Tuesday's announcement concludes an intense 18-month fight between the IRS and the National Treasury Employees Union over a plan that initially involved a cut of 5,000 jobs. But after intense lobbying and legal action by NTEU, the IRS dropped its plan for widespread reductions in force and instead relied on buyouts, early retirements and other personnel moves to trim the agency's staff.
In the past five years, IRS employment has dropped from 116,000 to 102,000 and the agency has closed 30 district offices.

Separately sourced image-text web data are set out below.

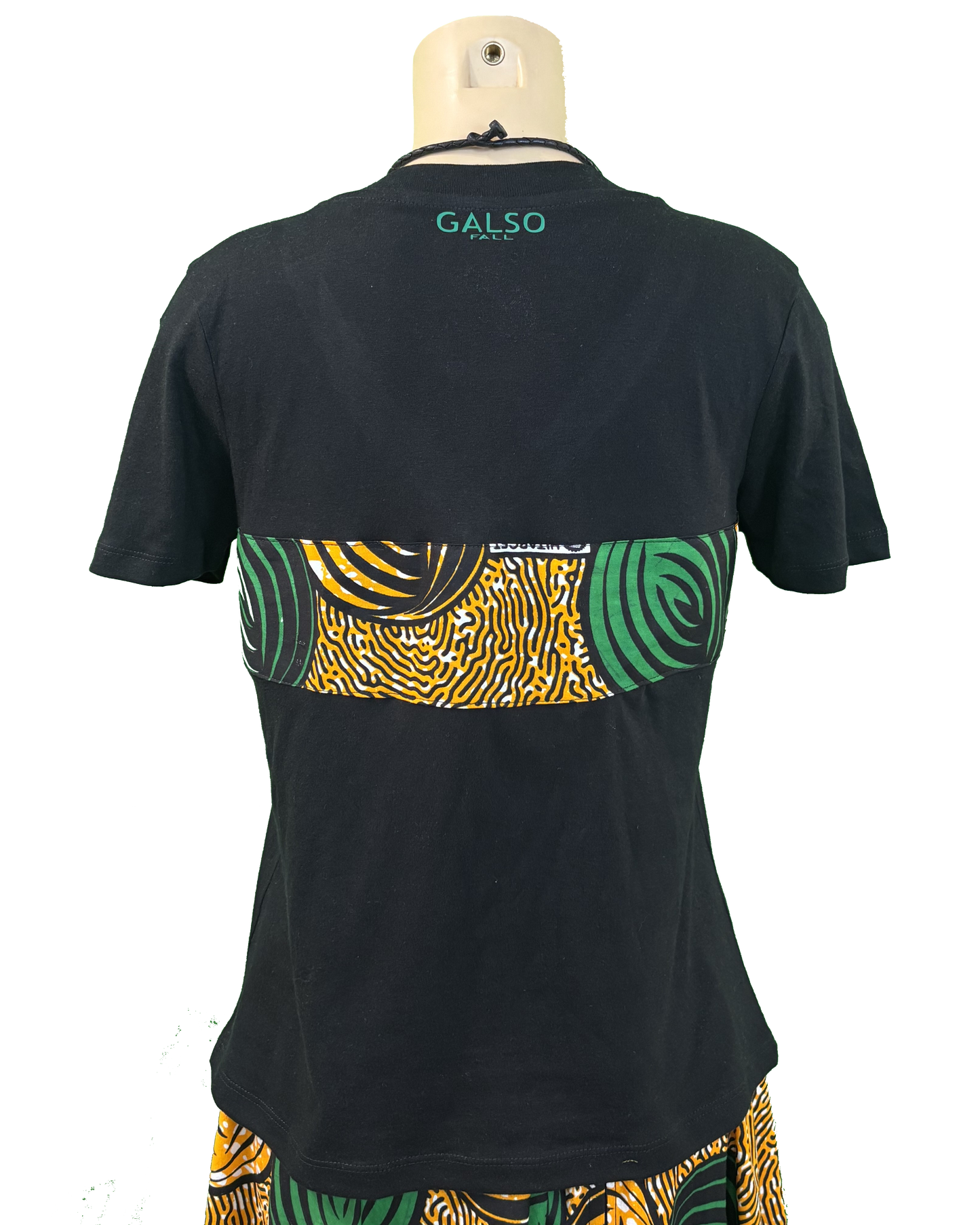 T-shirt en V avec Tissu Wax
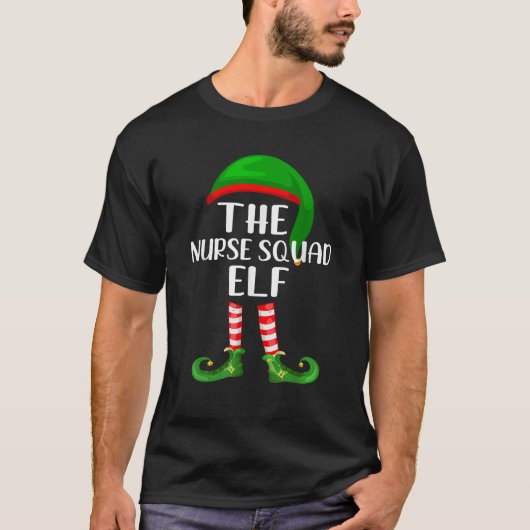 Matching Family Group The Nurse Squad Elf Christma T-Shirt (Vorderseite)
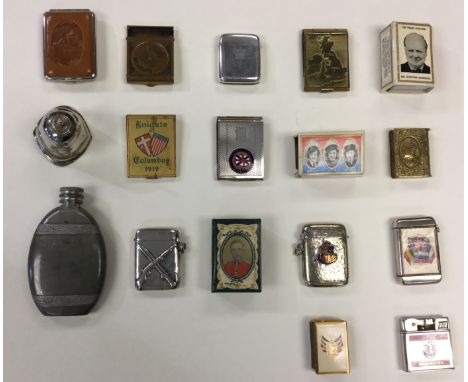 A collection of Vesta cases etc dating from the Boer War, WW1 and WW2: Hallmarked silver example engraved with Prince Alberts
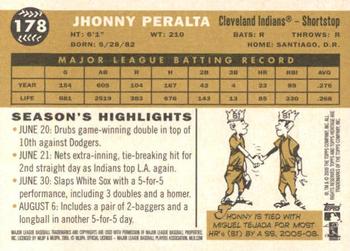2009 Topps Heritage #178 Jhonny Peralta Back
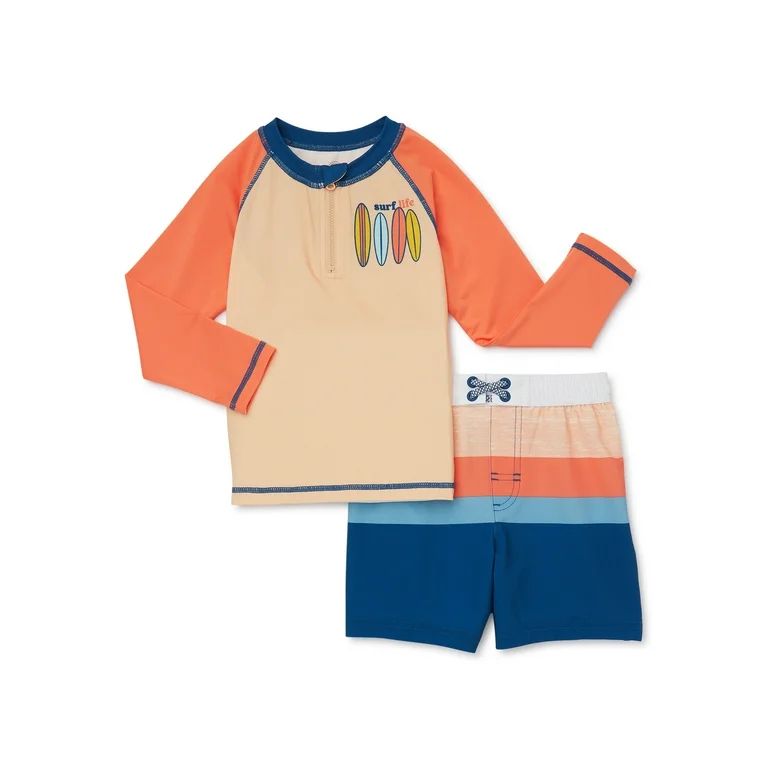 Wonder Nation Toddler Boy Long Sleeve Rash Guard Swim Set, Sizes 12M-5T | Walmart (US)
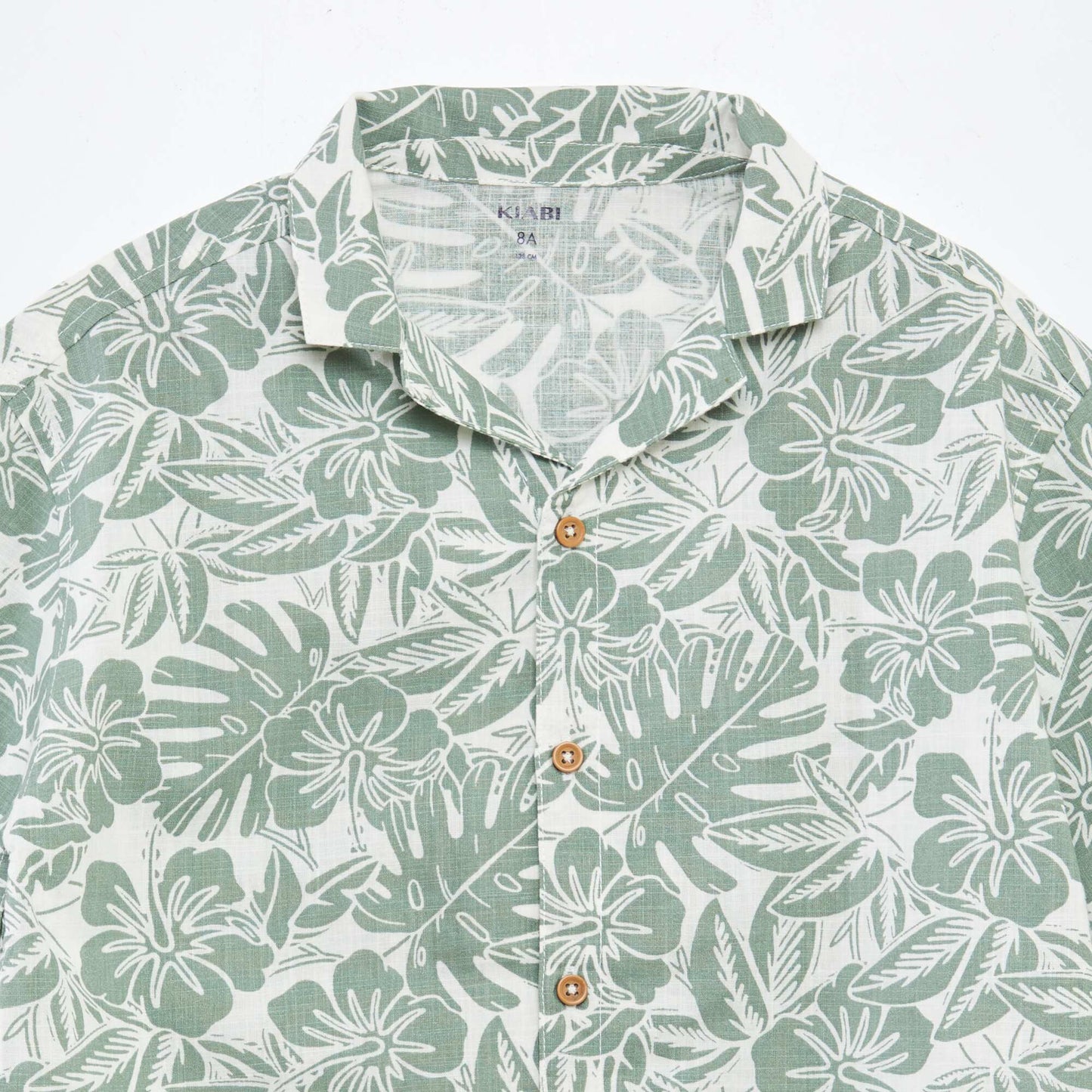 Short-sleeved printed shirt with pyjama collar KHAKI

The IRS had proposed the 5,000 additional staff cuts in response to demands by members of Congress that the agency trim its workforce and become less intrusive in the lives of taxpayers. But after recent Senate Finance Committee hearings into alleged IRS mismanagement, President Clinton announced plans to simplify tax forms and expand IRS telephone service to 24 hours a day by 1999.
"We recognized with the additional commitments for customer service and implementation of tax law changes, we are going to need additional staff years to accomplish all of that," IRS chief of management and administration David Mader told the Associated Press.
Instead of cutting the 500 jobs, the IRS will transfer staffers to the agency's problem resolution office or to customer service or service-center tax adjustment positions, Mader said.